The danger of hypertension is partly that it produces no obvious symptoms for most people. You can walk around with a reading of 160/100 and feel perfectly fine, which is why it’s often called a “silent” condition. By the time symptoms appear (severe headaches, shortness of breath, nosebleeds), organ damage may already be underway.
The Control Problem
Having hypertension diagnosed is only half the challenge. A large share of people who know they have it still don’t have it under control, meaning their blood pressure remains above target despite awareness or treatment. The reasons are layered: some people struggle with medication side effects, others face barriers to regular healthcare, and many find it difficult to sustain the lifestyle changes (less sodium, more exercise, maintaining a healthy weight) that can lower readings by 5 to 15 points.
Awareness itself remains incomplete. Millions of adults with high blood pressure have never been told they have it, either because they don’t visit a doctor regularly or because their readings were borderline and went unaddressed. Routine screening is simple (a standard cuff reading takes less than a minute), but getting people into a setting where that happens is a persistent public health gap.
The Financial Cost
Hypertension is expensive both for individuals and for the healthcare system. The CDC estimates that annual costs associated with high blood pressure totaled $219 billion in 2019. On a personal level, adults with hypertension spent roughly $2,760 more per year on medical care than those without it. A 2021 analysis of privately insured adults found an even larger gap: about $2,930 in additional annual costs. These numbers include medications, doctor visits, lab work, and the treatment of complications like heart disease and kidney problems that hypertension accelerates.

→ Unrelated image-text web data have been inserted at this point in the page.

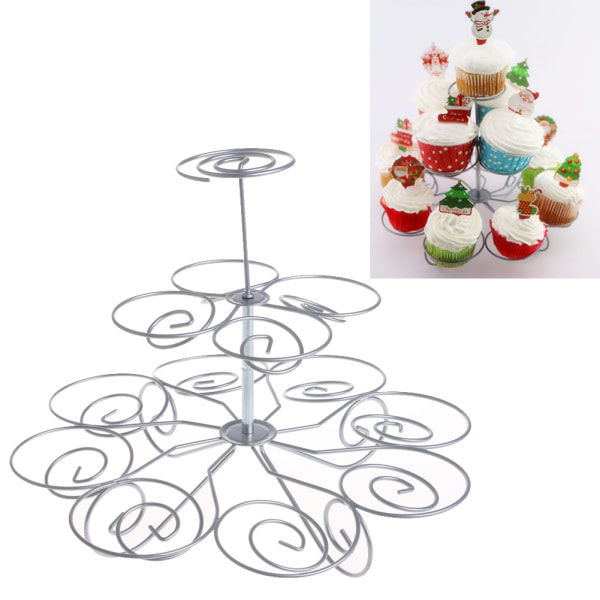 Avtakbart 3-nivå 13 Cupcake Stativ Party Dessert Holder Bryllupsdekorasjon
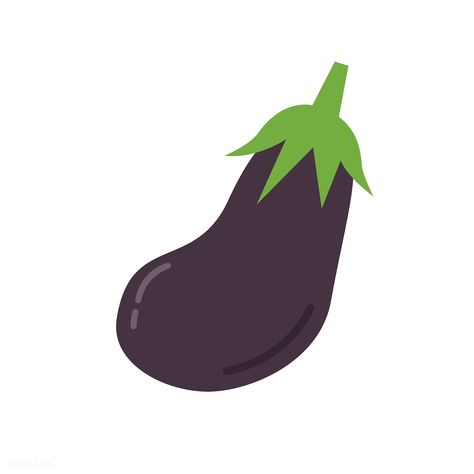 Aubergine Illustration, Purple Illustration, Fruit Drawing, Graphic Design School, Fruits Drawing, White Cartoon, Design School, Food Drawing, Flat Illustration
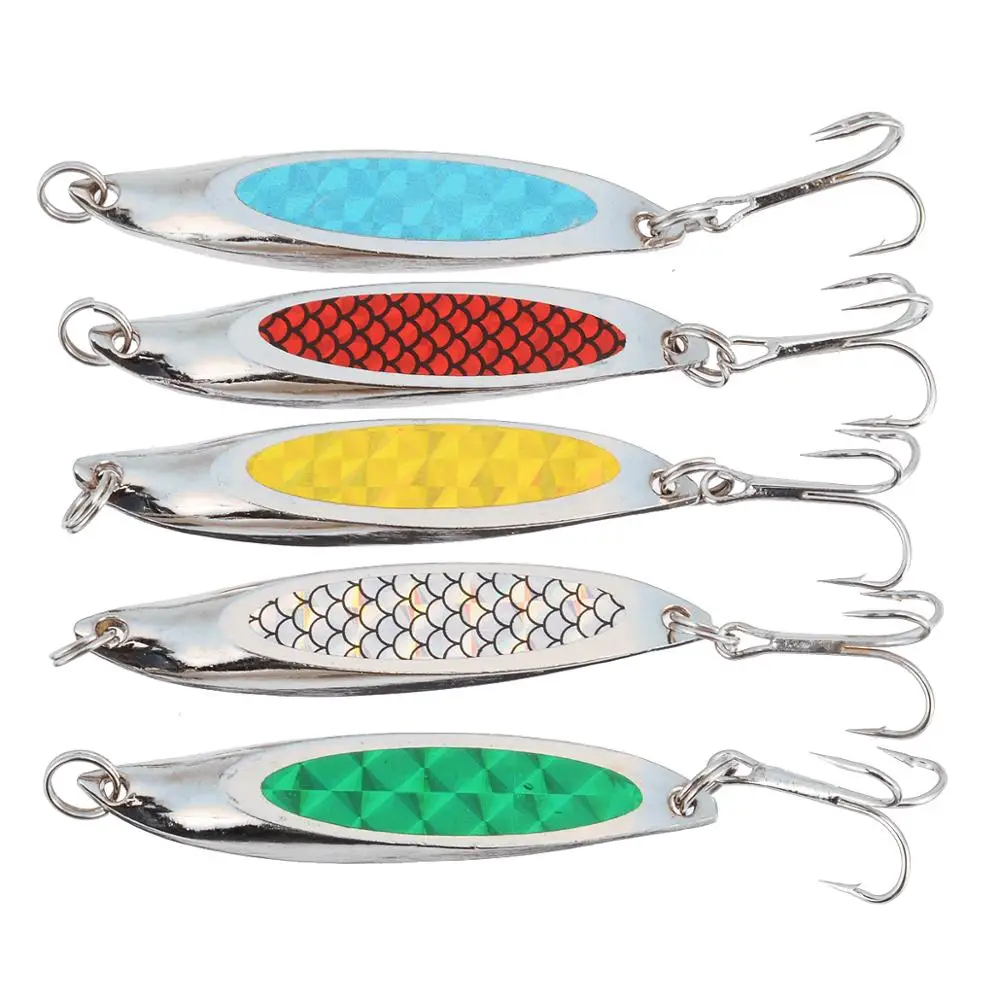 5Pcs/Box Spoons Bait 7cm 21g Fishing Spinnerbait Metal Artificial Bait Fish Supplies Fishing Lures with 4# Treble Hooks Iscas
5Pcs/Box Spoons Bait 7cm 21g Fishing Spinnerbait Metal Artificial Bait Fish Supplies Fishing Lures with 4# Treble Hooks Iscas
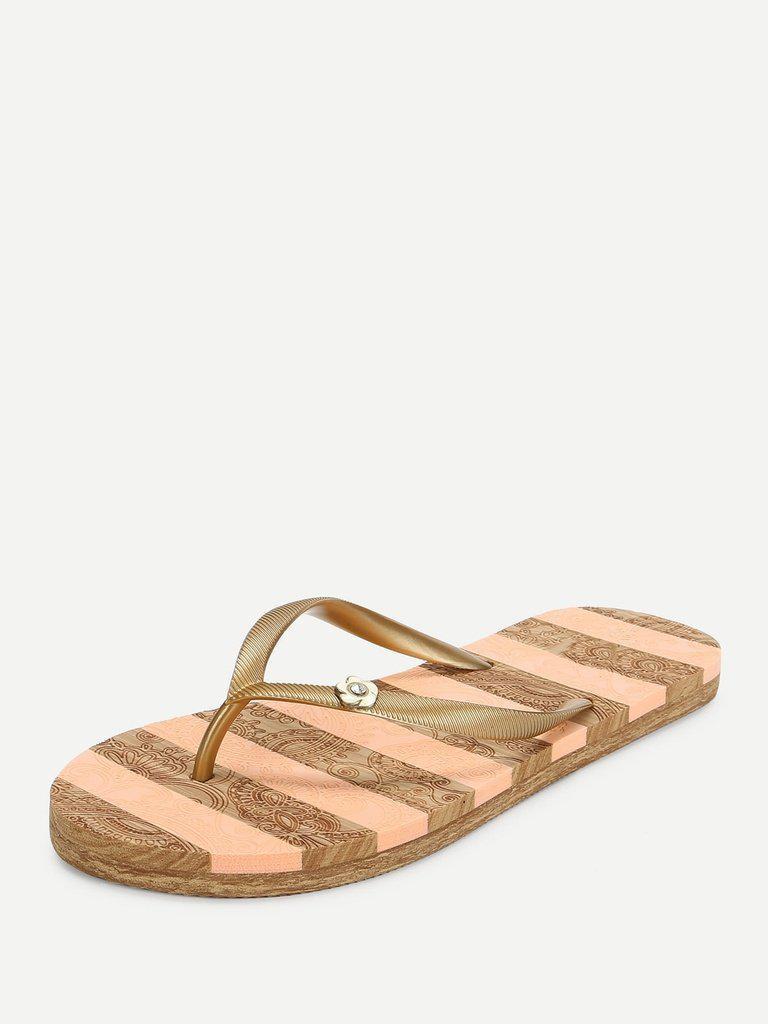 Block Striped Flip Flops-shoes-Des Mess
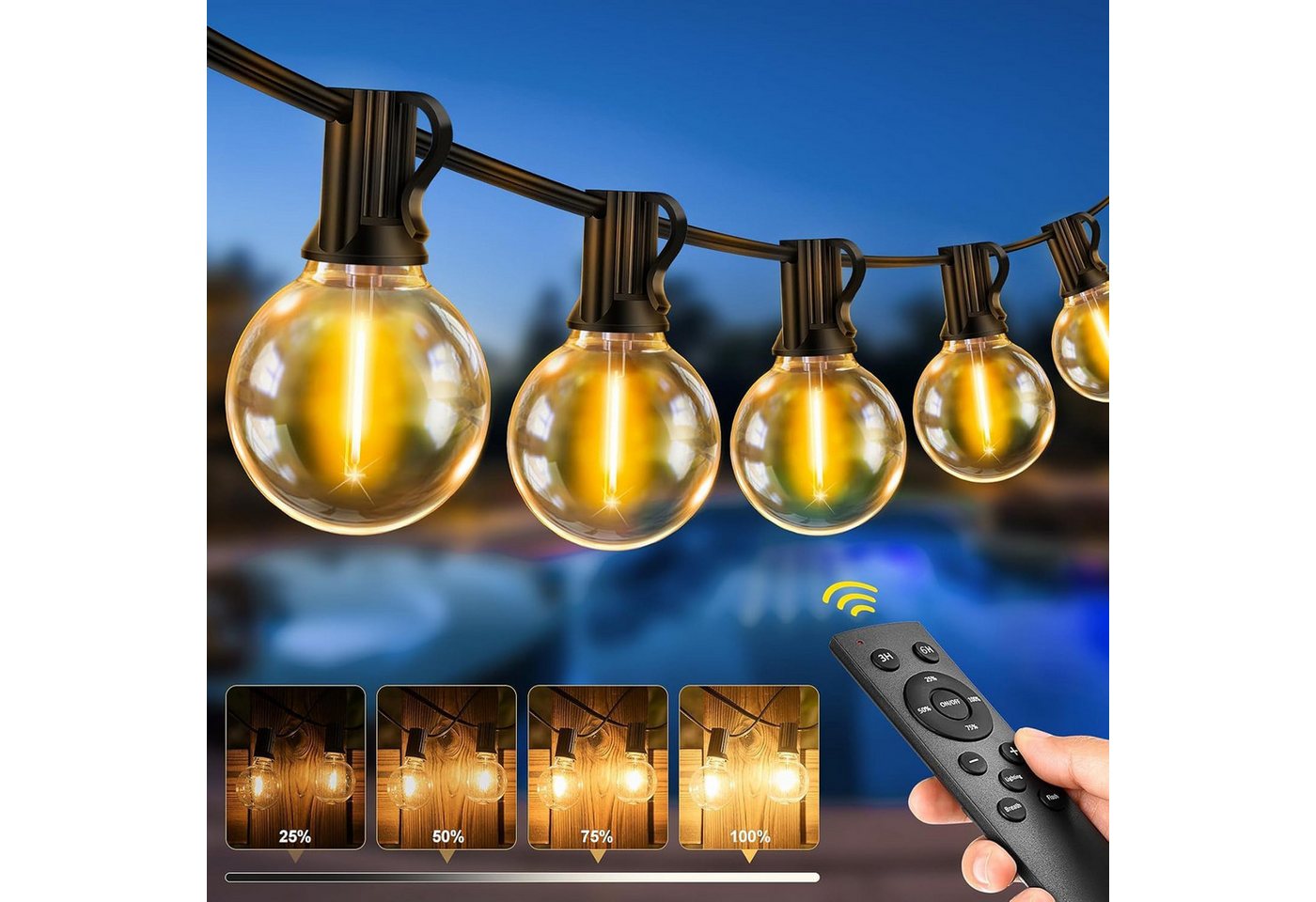 skelo Lichterkette Led Lichterkette Außen Strom, 10/18/30M Dimmbar Outdoor Lichterkette, 43-flammig, Lichterketten Aussen für Garten, Balkon, Party, Terrasse von skelo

For a condition that can often be managed with inexpensive medications and lifestyle changes, the downstream costs of inadequate control are disproportionately high. Much of the spending goes toward treating the consequences of uncontrolled blood pressure rather than preventing them.
Why the Numbers Keep Climbing
Several forces are pushing prevalence upward. The U.S. population is aging, and older adults are far more likely to develop hypertension. Obesity rates continue to rise, and excess weight is one of the strongest modifiable risk factors for high blood pressure. The typical American diet remains high in sodium, with most of it coming not from the salt shaker but from processed and restaurant foods. Physical inactivity compounds the problem.
Stress, poor sleep, and alcohol use also contribute, though their individual effects are harder to quantify at a population level. The net result is a condition that affects nearly one in two adults, costs hundreds of billions of dollars annually, and remains inadequately controlled in a large portion of those who have it.